– Я не сегодня завтра помру, выходи замуж, забирай с собой Сяоцзюня, уезжай отсюда подальше, как другие вдовы, уезжай из этой проклятой деревни.
А потом пришел к моему отцу и сказал:
– Брат, Сун Тинтин и Сяоцзюнь съездили в уездный центр, сдали анализы – лихоманки у них нет. Я скоро помру, ты уж придумай, как оставить их в Динчжуане. Нельзя, чтоб Тинтин снова замуж вышла, у меня на сердце будет неспокойно.
Дядя любил жену.
Любил этот мир.
Вспоминая, что с лихоманкой долго ему не протянуть, дядя начинал ронять слезы.
– Чего ревешь? – спросила однажды тетя.
– Я не смерти боюсь, – ответил дядя. – Мне тебя жалко одну оставлять. Как умру, выходи замуж, забирай с собой Сяоцзюня и уезжай.
А потом пришел к деду и сказал:
– Отец, Тинтин тебя послушается. Никто на свете не будет любить ее сильнее меня, никто не будет ее беречь, ты уж с ней потолкуй, уговори остаться вдовой, не ходить замуж во второй раз.

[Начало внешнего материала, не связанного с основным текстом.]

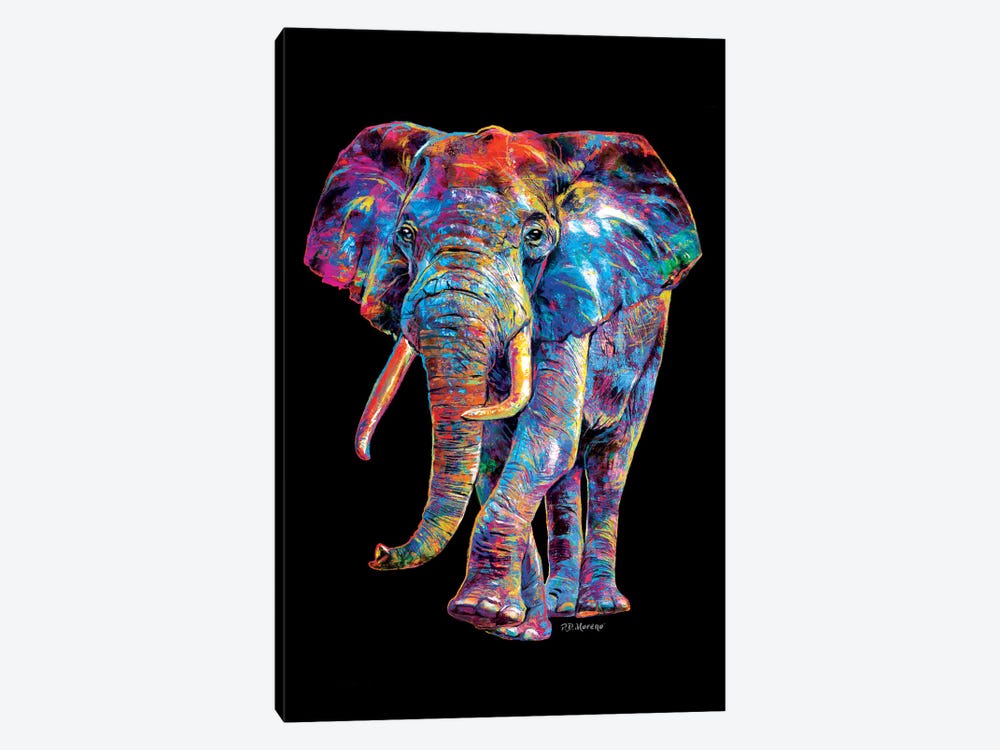 Elephant by P.D. Moreno 1-piece Canvas Artwork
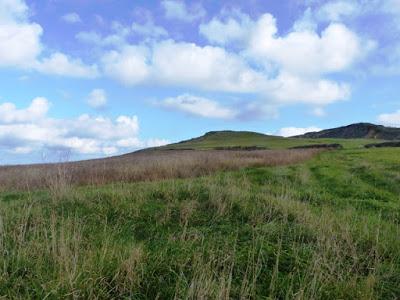 Los palustres, otra temporada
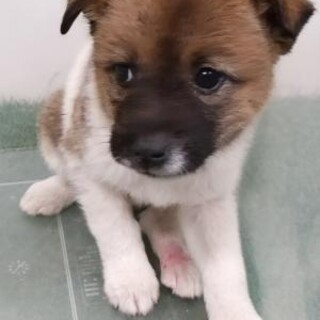 緊急！生後1ケ月の可愛い子犬　6月17日迄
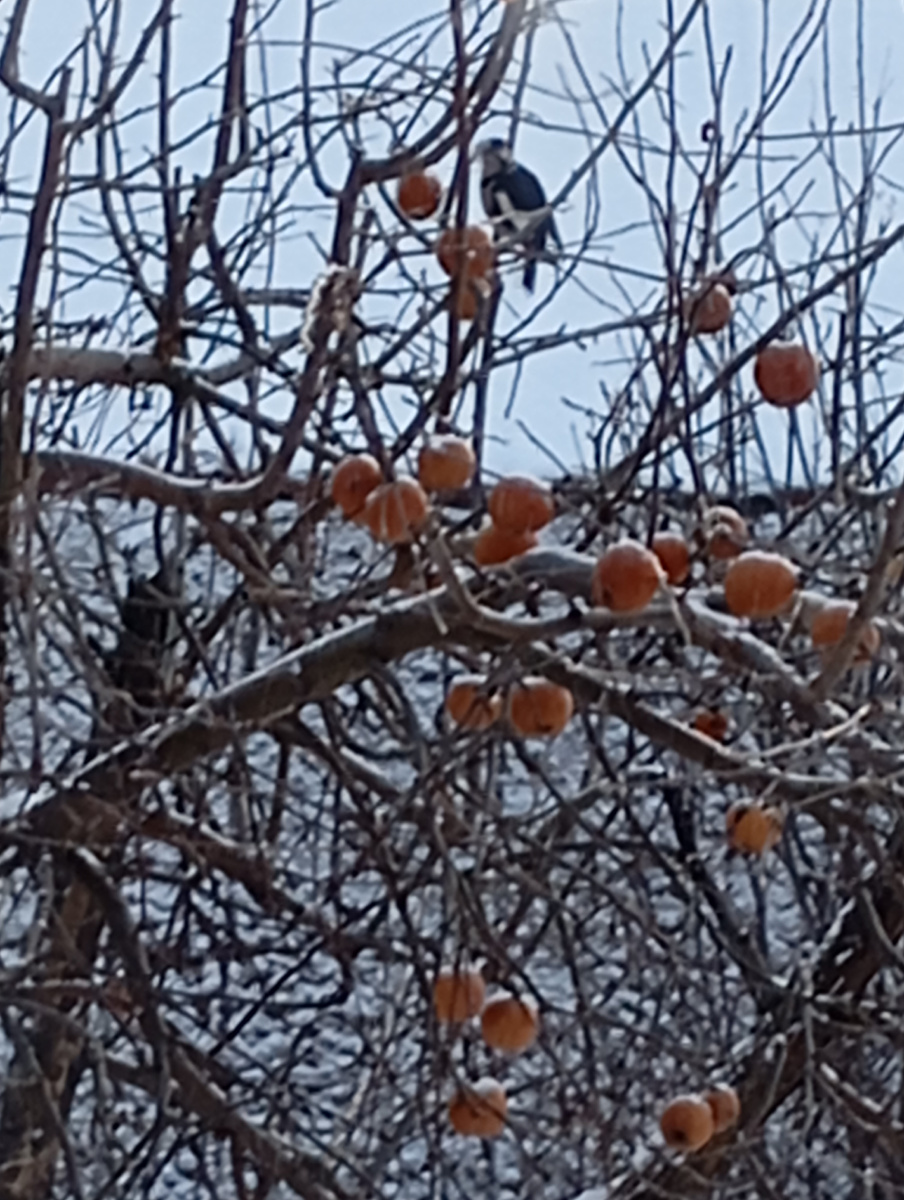 Дятел клюёт яблочки забродившие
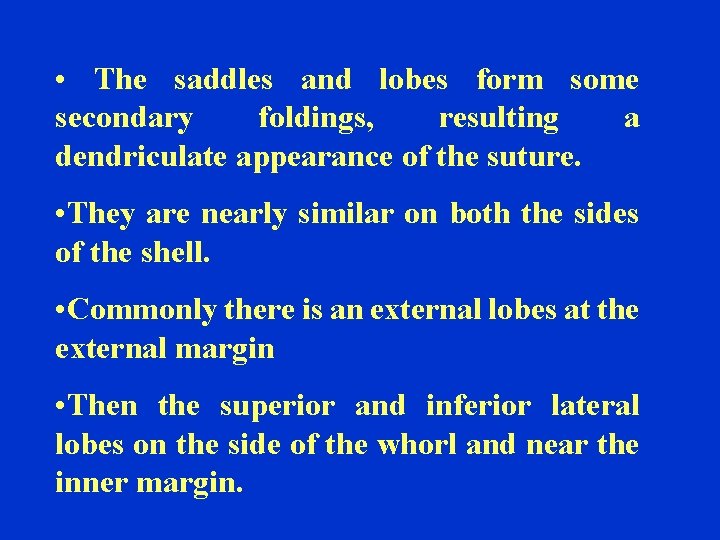  • The saddles and lobes form some secondary foldings, resulting a dendriculate appearance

Дед не стал говорить с Тинтин.
Дед сказал:
– Второй, не спеши помирать, ей тогда и замуж ходить не придется.
Дед сказал:
– Всегда бывают исключения, вот говорят, рак тоже смертельная болезнь, а иные с раком и по восемь, и по десять лет живут.
И дядя жил, мечтая стать исключением, за ужином снова съедал по две тарелки овощей с мясом, запивал двумя стопками водки. Дяде не было еще и тридцати, тете недавно исполнилось двадцать восемь, и больше всего в такой жизни дядю огорчало, что по ночам жена не пускала его к себе. Даже за руку не разрешала подержать, и дяде казалось, что с такими порядками и исключением становиться незачем. Хотелось с кем-нибудь поделиться этой напастью, но он не знал, как завести разговор.
Дядя любил жену.
Любил этот мир.
Но пока тетя уходила к деревне, а дядя стоял у школьных ворот, провожая ее глазами, она ни разу не обернулась на прощанье. А дядя все стоял, и глядел ей вслед, и кусал губы, стараясь не плакать.
Закусил губы и двинул ногой по булыжнику у ворот, а потом еще раз..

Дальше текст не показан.